If you want to play that game, a sizeable part of the tree population is just going to migrate north/south.
The more immediate problem with climate change isn't that there won't be enough places to live/farm, it's that it's all going to move causing destabilization of societies.
The long term effects of running out of arable land are a considerable distance in the future.
Yes, I know but I can't make the whole list of climate change consequences for humans under each commment so I try to alert people on a part that seems relevant. Me being dark is not me trying to play a game. I have not mentioned arable land at all. If you don't see the problem of tree populations dying out I don't know what to tell you. Trees take time to grow and we need them to store carbon. But, fine, I concede to your point, we'll start killing other/get authoritarian states well before we run out of food. Somehow that does not make me feel better.

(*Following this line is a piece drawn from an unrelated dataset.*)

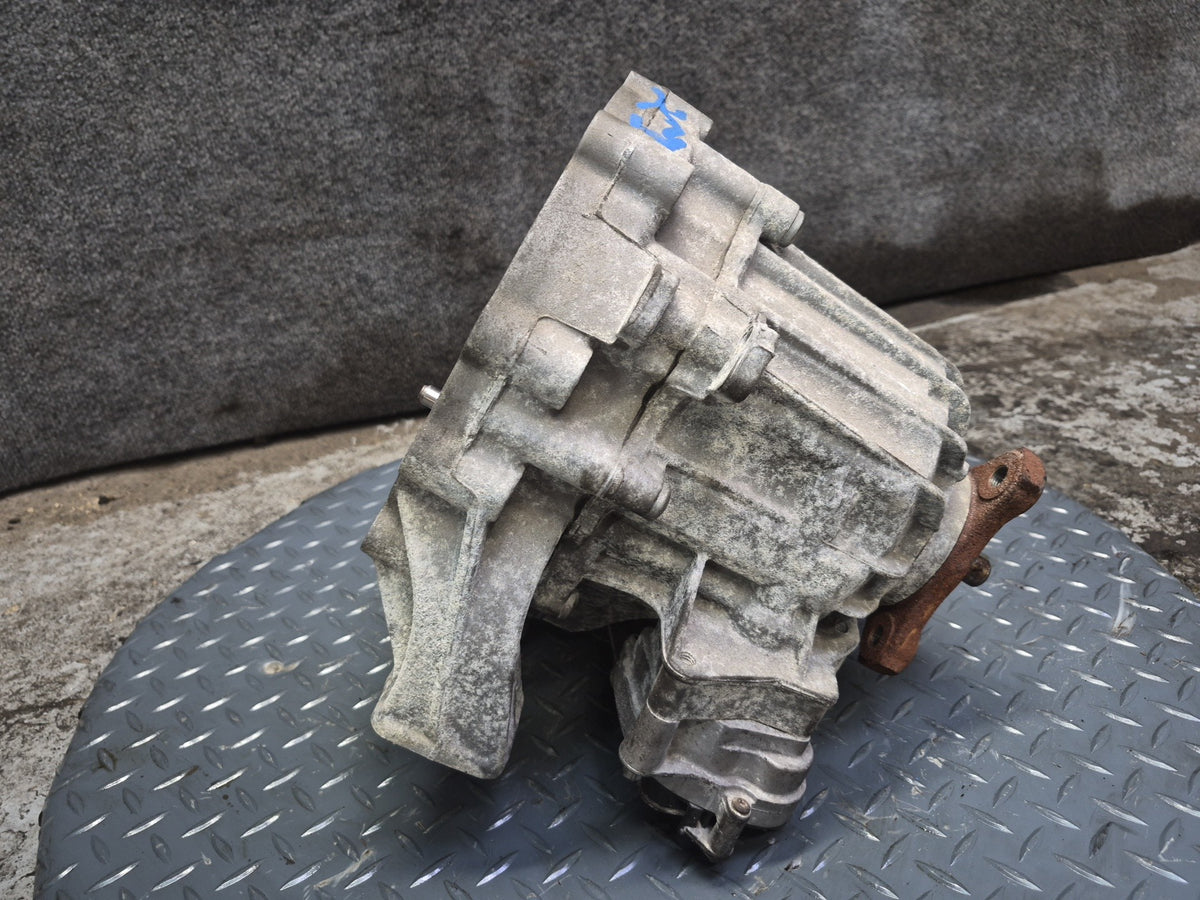 2017-2020 Maserati Levante M161 3.0L AWD Transfer Case Box w Motor 670038072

Also your framing of the question *you* are bringing up is weird. Climate change will make for climate conditions that will make agriculture *harder* in general, I don't think your model of "Oh well we'll go to cold places that have become warmer" is really relevant and by the way arable land is already a resource some states are competing for.
Maybe I'm missing something, but I don't see how we'll ever run out of arable land. The Earth has been warmer than now, in the distant past: there were times when the poles were not frozen over. Of course, this means the sea level was higher than now, so melting all the glaciers means a lot of our cities (and probably most of Florida) will be underwater, and it isn't so easy to pick up a city and move it to higher ground. A warmer Earth probably means more deserts, but there should still be arable land, in places that are currently cold tundra perhaps.

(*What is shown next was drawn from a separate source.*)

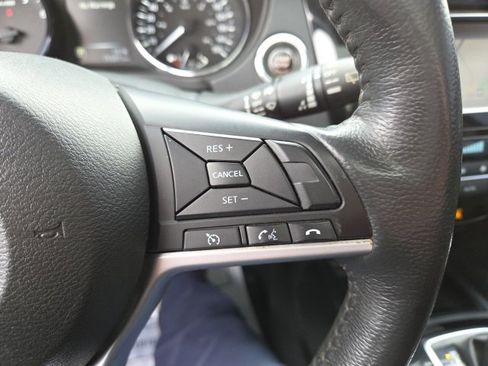 Used 2017 Nissan Rogue SV image 52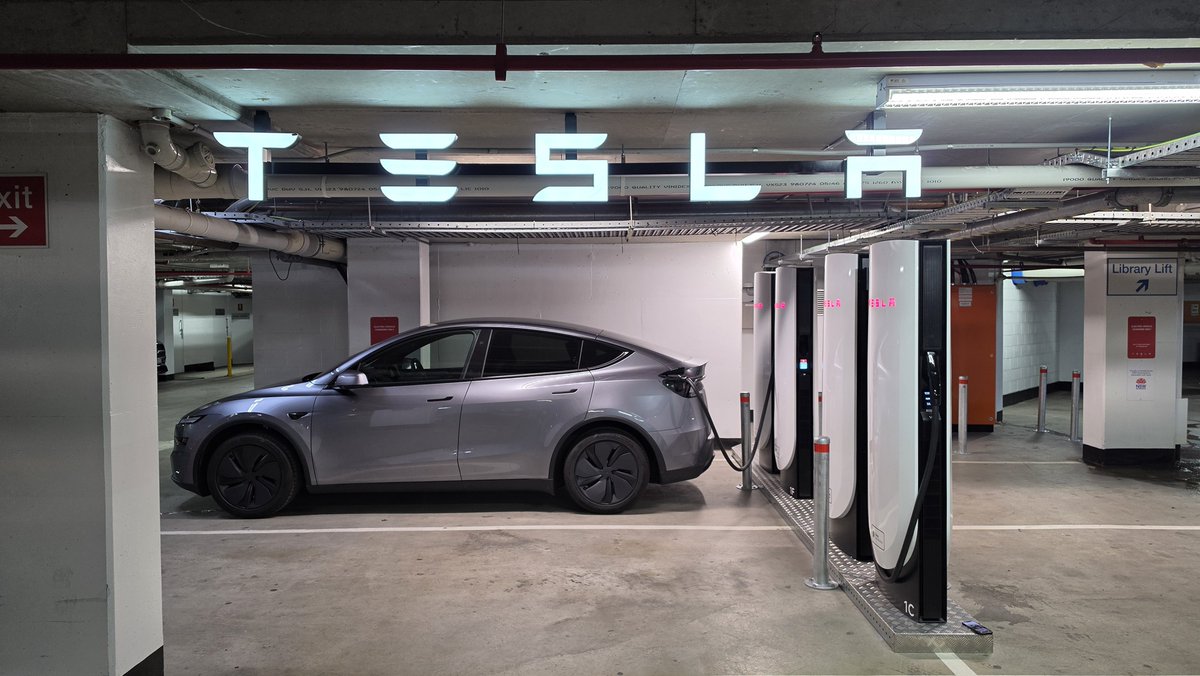 Tesla, Avustralya'nın En Hızlı Supercharger İstasyonunu Sydney'de Açtı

The end-end-end game is Venus-like conditions on Earth. I find that pretty unlikely though considering that population would be so reduced significantly much before that and industry would be effectively stopped. As long as any biology survives, they'd likely eventually be able to reverse the changes.
I don't see how. As I said before, the Earth has been hotter than it is now. We're currently in an ice age, and coming out of it: that's why we have ice on the poles. The Earth was never like Venus, and never will be; the thing that humans are doing now is burning a bunch of carbon that was stored in prehistoric times. Back then, it was all in plants in the biosphere, when the Earth was warmer than now.
I have mixed feelings about this. My neighbor cut down their tree, and now my living room enjoys a lot more sun throughout the day, and my yard has a lot less trash to cleanup.
My neighbor shields much of my house from the sun. We had issues when his branches started touching my roof, but we made sure it was trimmed in a way to still give us the shade it has all these years.
In the meantime my neighbor at my last house wanted me to limb up the conifer trees past my roofline so that he didn't get needles on his car.
One that wouldn't work. Two, those trees would have fallen on his house in ten to fifteen years because his house was east of the trees, and 'lions tail' tree pruning creates a giant lever arm and the roots will lose that battle in the first wind storm after a rain storm. That pattern had just played out ten years prior all over town. Big pruned Doug Firs falling onto people's houses.
What you want is to be able to be able to walk under a tree with your arms over your head and not hit branches. No more, no less.
I think an interesting way of doing this would be to have tree-like solar panels. they would be somewhat wasteful in some ways, but would organically gather solar energy at a variety of times from a variety of directions. They could also provide a % of light through in all directions to give partial shade and coexist with trees.